:: WHAT YOU HAVE TO DO ::
Nothing is needed except the lines below that run from the one with "Foto 53c34f93-b002-4dab-a5c4-cf071b24e198. Semi" through the one with "Highlands Westview 202", repeated exactly.

:: DATA ::

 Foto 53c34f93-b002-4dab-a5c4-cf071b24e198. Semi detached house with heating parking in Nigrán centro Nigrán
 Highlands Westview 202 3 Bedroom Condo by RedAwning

---

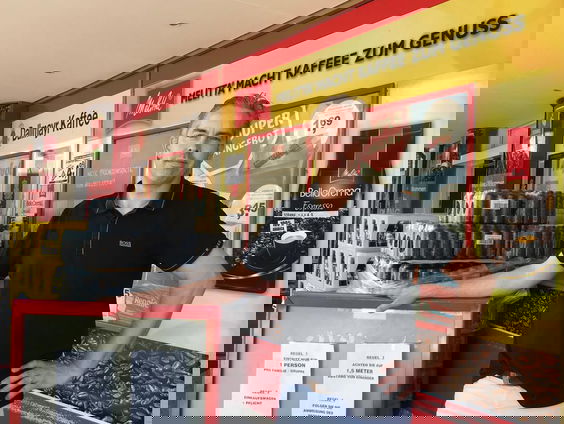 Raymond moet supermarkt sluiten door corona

--

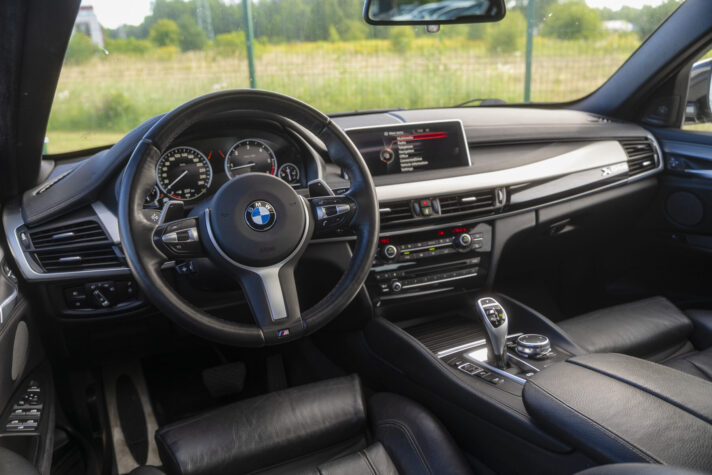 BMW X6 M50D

:: REPLY ::
 Foto 53c34f93-b002-4dab-a5c4-cf071b24e198. Semi detached house with heating parking in Nigrán centro Nigrán
 Highlands Westview 202 3 Bedroom Condo by RedAwning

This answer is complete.